Initialization with readObject()

Often, simple deserialization alone is not enough to reconstruct the full state of an object. For example, the object may have had transient fields representing state that could not be serialized, such as network connections, event registration, or decoded image data. Objects have an opportunity to do their own setup after deserialization by implementing a special method named readObject().

Not to be confused with the readObject() method of the ObjectInputStream, this method is implemented by the serializable object itself. To be recognized and used, the readObject() method must have a specific signature, and it must be private. The following snippet is taken from an animated JavaBean that we’ll talk about in Chapter 22:

    private void readObject(ObjectInputStream s)
        throws IOException, ClassNotFoundException
    {
        s.defaultReadObject();
        initialize();
        if ( isRunning )
            start();
    }

When the readObject() method with this signature exists in an object, it is called during the deserialization process. The argument to the method is the ObjectInputStream doing the object construction. We delegate to its defaultReadObject() method to do the normal deserialization from the stream and then do our custom setup. In this case, we call one of our methods named initialize() and, depending on our state, a method called start().

Using a custom implementation of readObject() and a corresponding writeObject() method, we could take complete control of the serialized form of the object by reading and writing to the stream using lower-level write operations (bytes, strings, etc.) instead of delegating to the default implementation as we did before.

We’ll talk a little more about serialization in Chapter 22 when we discuss JavaBeans.

SerialVersionUID

Java object serialization was designed to accommodate certain kinds of compatible class changes or evolution in the structure of classes. For example, changing the methods of a class does not necessarily mean that its serialized representation must change because only the data of variables is stored. Nor would simply adding a new field to a class necessarily prohibit us from loading an old serialized version of the class. We could simply allow the new variable to take its default value. By default, however, Java is very picky and errs on the side of caution. If you make any kind of change to the structure of your class, by default you’ll get an InvalidClassException when trying to read previously serialized forms of the class.

Java detects these versions by performing a hash function on the structure of the class and storing a 64-bit value called the Serial Version UID (SUID), along with the serialized data. It can then compare the hash to the class when it is loaded.
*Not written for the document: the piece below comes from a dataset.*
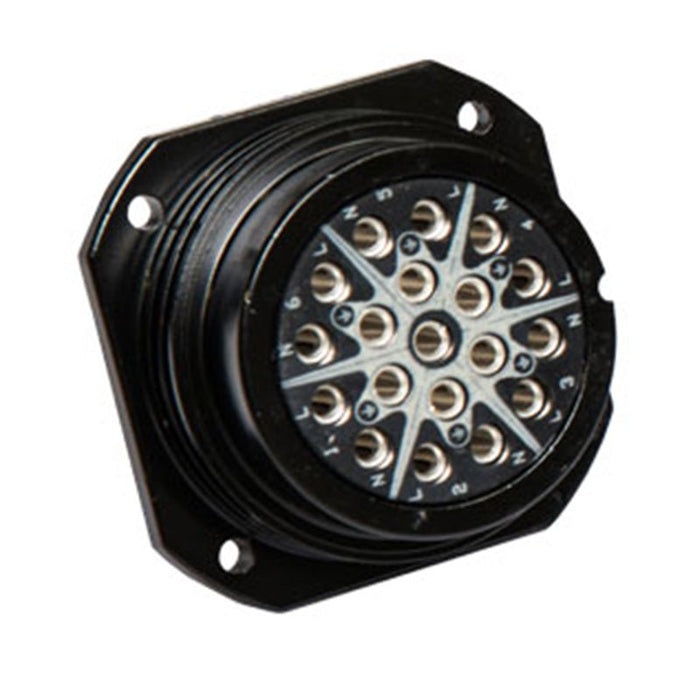 SHLB19-PF-S-S - Ten47 - Socapex - Chassis Mount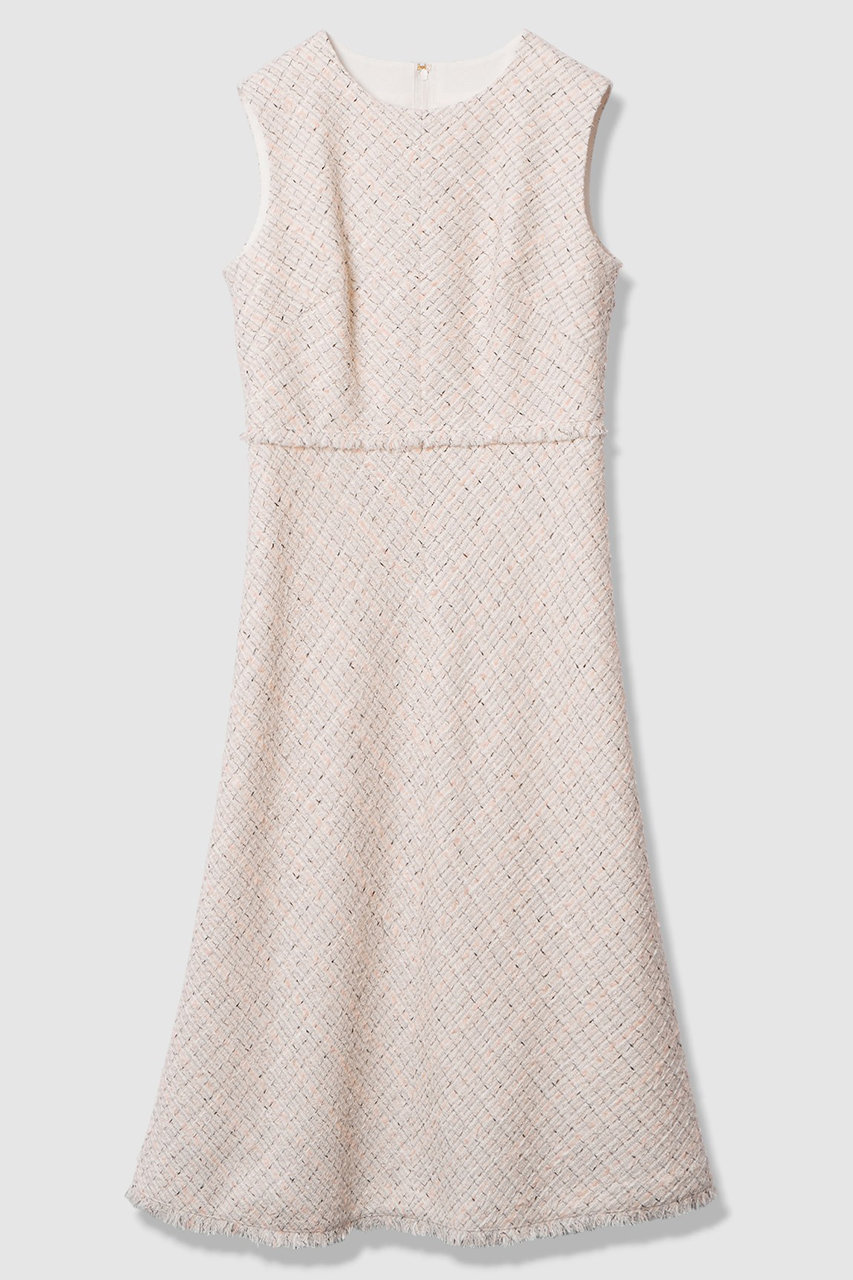 ANAYI(アナイ)｜【Eternal Line 2026】ミックスツイードノースリーブ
Java allows us to take control of this process by looking for a special, magic field in our classes that looks like the following:

    static final long serialVersionUID = -6849794470754667710L;

(The value is, of course, different for every class.) If it finds this static serialVersionUID long field in the class, it uses its value instead of performing the hash on the class. This value will be written out with serialized versions of the class and used for comparison when they are deserialized. This means that we are now in control of which versions of the class are compatible with which serialized representations. For example, we can create our serializable class from the beginning with our own SUID and then only increment it if we make a truly incompatible change and want to prevent older forms of the class from being loaded:

    class MyDataObject implements Serializable {
        static final long serialVersionUID = 1; // Version 1
        ...
    }

A utility called serialver that comes with the JDK allows you to calculate the hash that Java would otherwise use for the class. This is necessary if you did not plan ahead and already have serialized objects stored and need to modify the class afterward. Running the serialver command on the class displays the SUID that is necessary to match the value already stored:

    % serialver SomeObject
     
    static final long serialVersionUID = -6849794470754667710L;

By placing this value into your class, you can “freeze” the SUID at the specified value, allowing the class to change without affecting versioning.